Madagascar : à cause du cyclone Enawo, la croissance 2017 se situera en-deçà des attentes

Par Jeune Afrique

Une maison endommagée par le cyclone Enawo à Sambava, dans le nord-est de Madagascar, le 8 mars 2017. © Manny Horsford/AP/SIPA

La dernière mission du FMI à Antananarivo a remarqué les efforts déployés par le gouvernement malgache pour redresser l'économie du pays. Cependant, les chocs climatiques subis cette année, et en particulier le passage du cyclone Enawo, ont laissé des traces.

Du 7 au 21 septembre, une mission du FMI dirigée par Marshall Mills s’est rendue à Madagascar, qui bénéficie depuis juillet 2016 d’un accord triennal au titre de la Facilité élargie de crédit (FEC) – un mécanisme de prêt qui permet d’accompagner des programmes de manière soutenue à moyen et long terme, dans les cas de difficultés persistantes de balance de paiements. En l’occurrence, l’accord porte sur 304,7 millions de dollars (254,4 millions d’euros), et sa deuxième revue devrait être examinée par le conseil d’administration du FMI en décembre.

Si les économistes de l’institution internationale relèvent que la croissance 2017, qui devrait atteindre 4,1 %, est « l’une des plus élevées en Afrique subsaharienne », ils constatent que celle-ci sera « en-deçà des attentes ». Les précédentes estimations du FMI annonçaient de fait une croissance 4,5 %.
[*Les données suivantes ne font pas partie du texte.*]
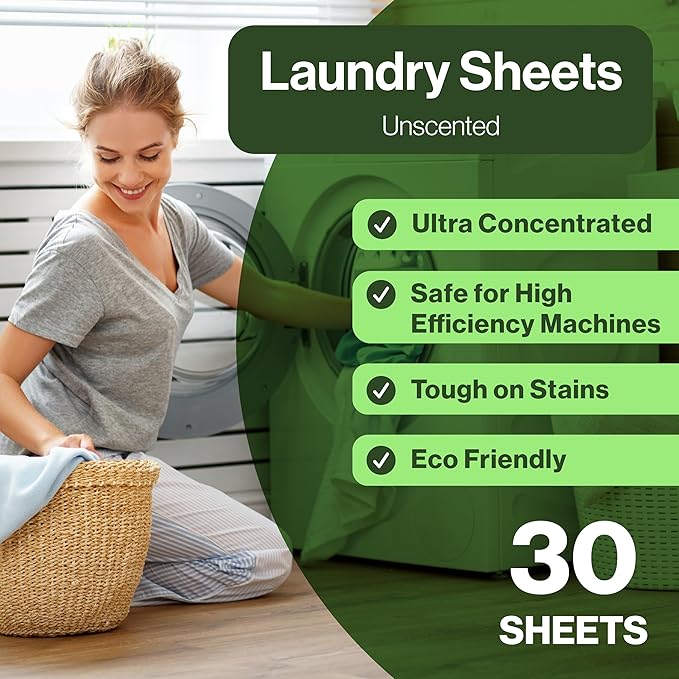 Happy Elephant Laundry Detergent Sheets, Fragrance Free, Natural Biodegradable Laundry Sheets, Travel Ready, Tough on Stains, Gentle on Skin, Compatible with HE & Any Washing Machine, 30 Sheet, 1 Pack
En cause, les chocs climatiques qui ont frappé la Grande Île, victime à la fois d’une sécheresse et du cyclone Enawo, qui a fait 78 morts et ravagé les cultures en mars 2017. Ces épisodes ont en outre causé une accélération de l’inflation, mais Marshall Mills a estimé dans son communiqué de fin de mission que celle-ci « devrait redescendre aux alentours de 8% d’ici à la fin de l’année et poursuivre sa baisse progressive en 2018 ».

Satisfecit général

Les experts du FMI ont délivré un satisfecit général aux autorités malgaches, soulignant le fait que « tous les critères de réalisation quantitatifs fixés pour fin juin » dans le cadre du programme appuyé par le FEC « ont été respectés », de même que « la plupart des réformes structurelles envisagées », même si l’institution relève quelques « retards pour certaines ».

Autres points positifs, la hausse de l’investissement public qui devrait permettre d’obtenir une croissance de 5,1 % en 2018, la gestion « adéquate » par la Banque centrale de Madagascar des « tensions liées au choc positif du prix de la vanille », ou encore les réformes en préparation de la politique et de l’administration fiscales.

Le dossier sur l’avenir d’Air Madagascar, dont 49 % du capital devrait être repris par le transporteur réunionnais Air Austral, a également été évoqué. Selon le FMI, « les discussions sur le partenariat stratégique pour [la compagnie aérienne] se poursuivent et la signature de l’accord final nécessitera un transfert conséquent pour couvrir les engagements liés aux pertes antérieures ».

Parmi les principales recommandations adressées aux décideurs, celle de poursuivre les réformes de la Jirama, la compagnie nationale d’eau et d’électricité, dont la gestion est régulièrement critiquée. Les experts du FMI ont enfin adressé leurs encouragements au gouvernement malgache pour la préparation d’un projet de loi pour la lutte contre le blanchiment d’argent, qui doit être soumis au Parlement d’ici la fin de l’année.